DATA SUPPLIED section start

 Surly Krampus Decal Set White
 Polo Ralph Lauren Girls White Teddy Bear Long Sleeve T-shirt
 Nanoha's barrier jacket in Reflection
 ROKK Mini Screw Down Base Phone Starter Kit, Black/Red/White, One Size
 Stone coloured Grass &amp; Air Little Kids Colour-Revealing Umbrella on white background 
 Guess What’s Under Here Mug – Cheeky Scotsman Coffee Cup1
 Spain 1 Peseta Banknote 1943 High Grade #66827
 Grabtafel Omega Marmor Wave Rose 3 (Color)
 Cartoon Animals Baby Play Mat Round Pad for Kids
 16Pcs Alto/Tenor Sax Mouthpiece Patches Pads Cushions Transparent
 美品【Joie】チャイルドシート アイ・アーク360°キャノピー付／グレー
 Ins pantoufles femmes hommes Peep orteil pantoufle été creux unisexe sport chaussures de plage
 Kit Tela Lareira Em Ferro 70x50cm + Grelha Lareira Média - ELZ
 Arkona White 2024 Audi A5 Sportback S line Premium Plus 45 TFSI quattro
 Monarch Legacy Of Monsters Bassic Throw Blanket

DATA SUPPLIED section end

▸ TASK DETAILS: Output only a verbatim copy of the lines spanning from the line that contains "美品【Joie】チャイルドシート アイ・アーク360°キャノピー付／グレー" to the end of the records above.

▸ WRITTEN REPLY:
 美品【Joie】チャイルドシート アイ・アーク360°キャノピー付／グレー
 Ins pantoufles femmes hommes Peep orteil pantoufle été creux unisexe sport chaussures de plage
 Kit Tela Lareira Em Ferro 70x50cm + Grelha Lareira Média - ELZ
 Arkona White 2024 Audi A5 Sportback S line Premium Plus 45 TFSI quattro
 Monarch Legacy Of Monsters Bassic Throw Blanket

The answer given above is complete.